Unlike many other metals which form passivating oxide layers, iron
oxides occupy more volume than iron metal, and thus iron oxides
flake off and expose fresh surfaces for corrosion.
[0190] Pure iron is softer than aluminum, but iron is significantly
hardened and strengthened by impurities from the smelting process,
such as carbon. A certain proportion of carbon (between 0.2% and
2.1%) produces steel, which may be up to 1,000 times harder than
pure iron. Crude iron metal is produced in blast furnaces, where
ore is reduced by coke to pig iron, which has high carbon content.
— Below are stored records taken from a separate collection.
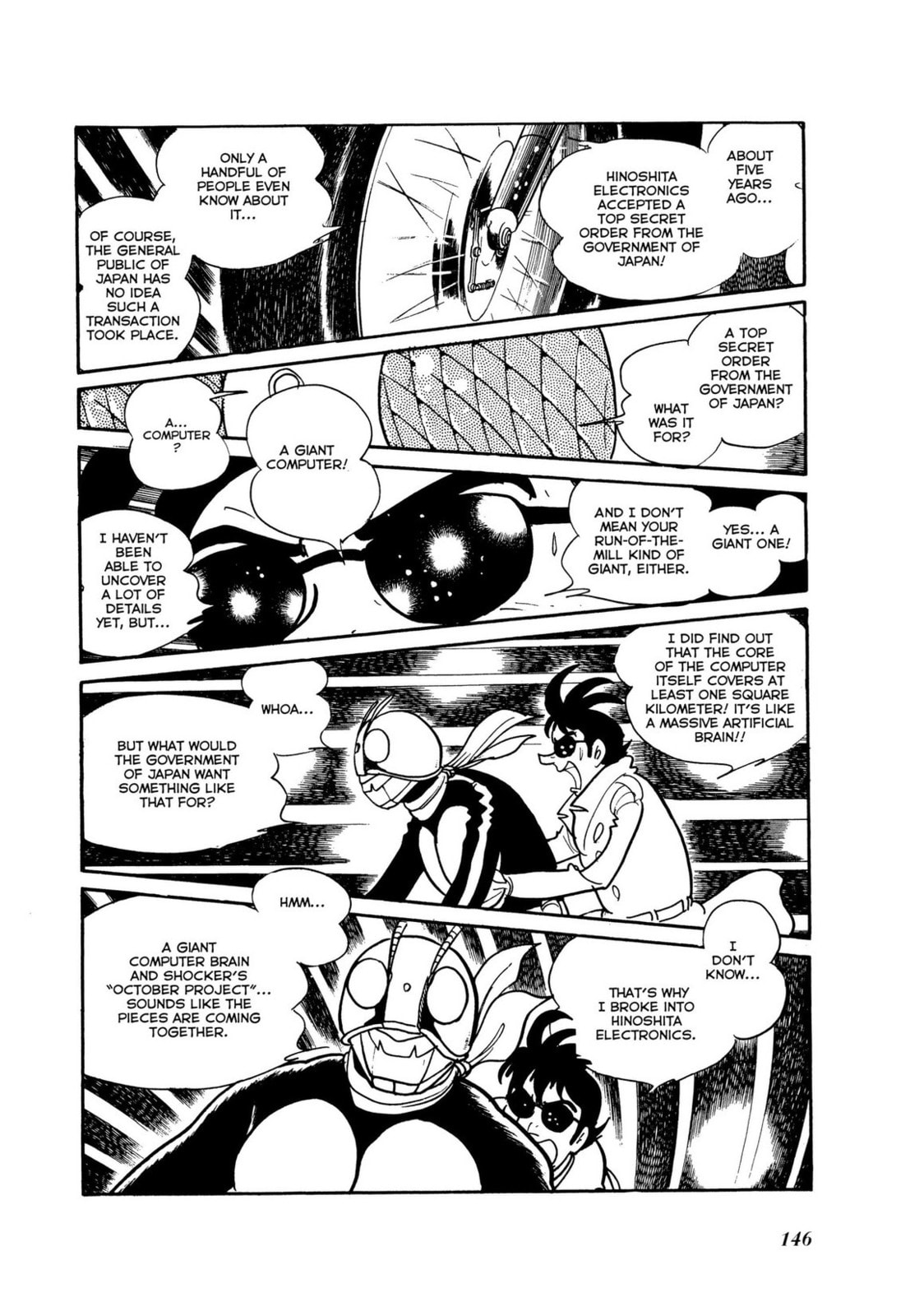 Kamen Rider Chapter 7 page 86 - 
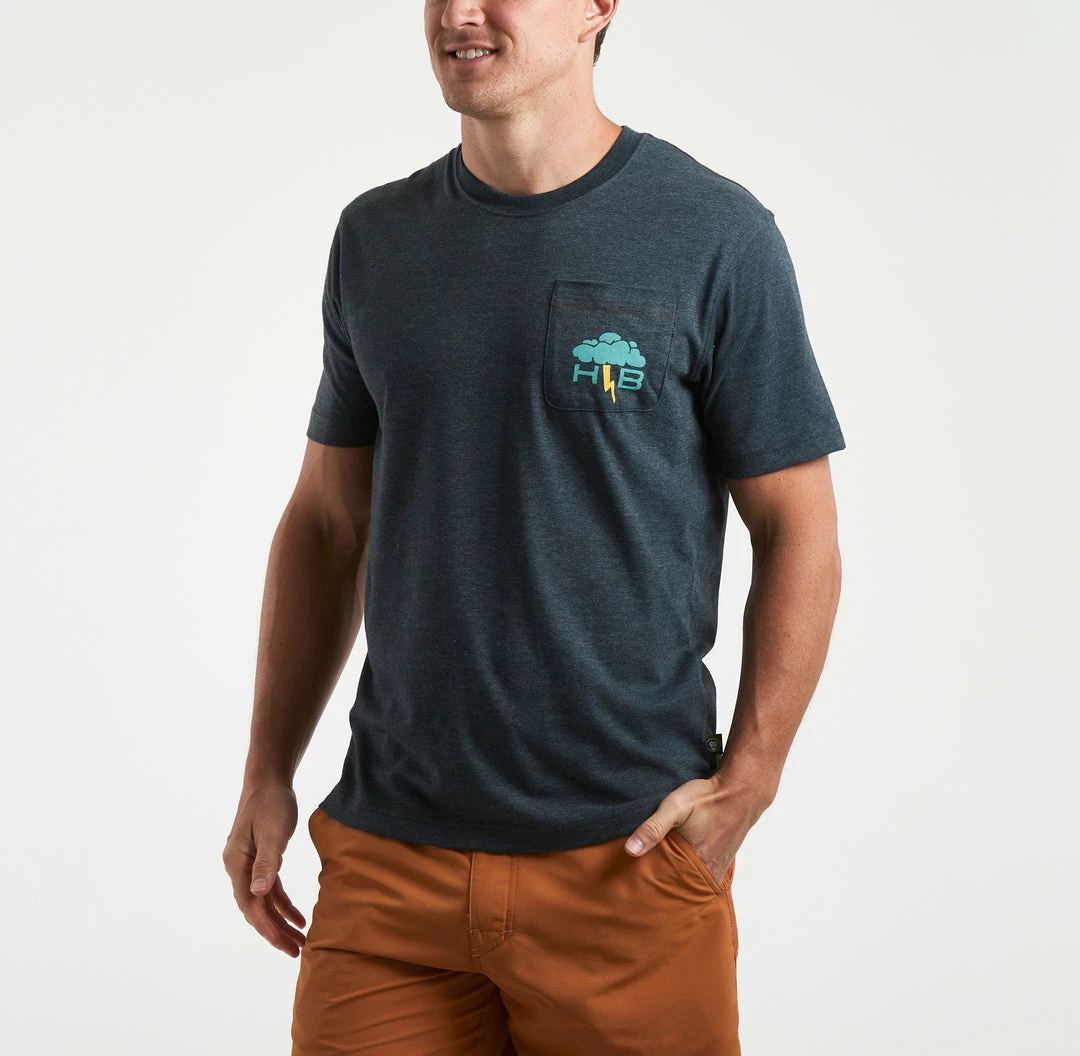 Buy π Howler Brothers Select Pocket T-Shirt - Turbulent Waters π 3 Howler Brothers Select Pocket T-Shirt - Turbulent Waters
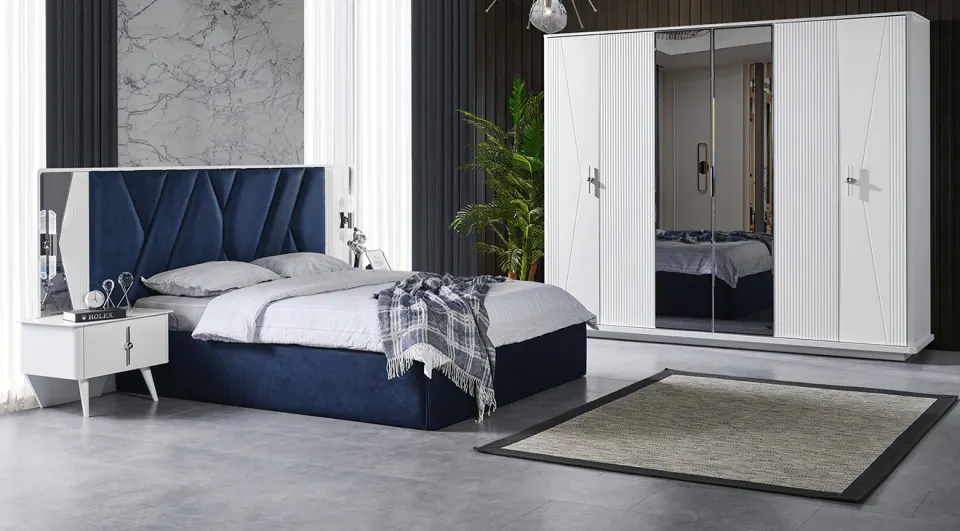 Yağmur 6 Door Bedroom Set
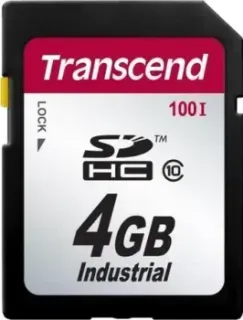 Transcend Industrial TS4GSDHC100I 4GB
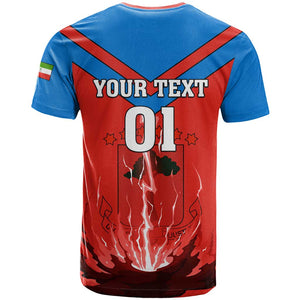 Support Nzalang Nacional - Equatorial Guinea Football T shirt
Further refinement with oxygen reduces the carbon content to the
correct proportion to make steel.
[0191] Carbon steel is steel where the main interstitial alloying
constituent is carbon. As the carbon content rises, steel has the
ability to become harder and stronger through heat treating, but
this also makes it less ductile. Regardless of the heat treatment,
higher carbon content reduces weldability. In carbon steels, the
higher carbon content lowers the melting point. The typical
composition of carbon steel is an alloy of iron containing no more
than 2.0 wt % of carbon.
[0192] The term "carbon steel" may also be used in reference to
steel which is not stainless steel; in this use carbon steel may
include alloy steels.
[0193] The American Iron and Steel Institute (AISI) defines carbon
steel as the following: "Steel is considered to be carbon steel
when no minimum content is specified or required for chromium,
cobalt, molybdenum, nickel, niobium, titanium, tungsten, vanadium
or zirconium, or any other element to be added to obtain a desired
alloying effect; when the specified minimum for copper does not
exceed 1.04 percent; or when the maximum content specified for any
of the following elements does not exceed the percentages noted:
manganese 1.65, silicon 0.60, copper 0.60."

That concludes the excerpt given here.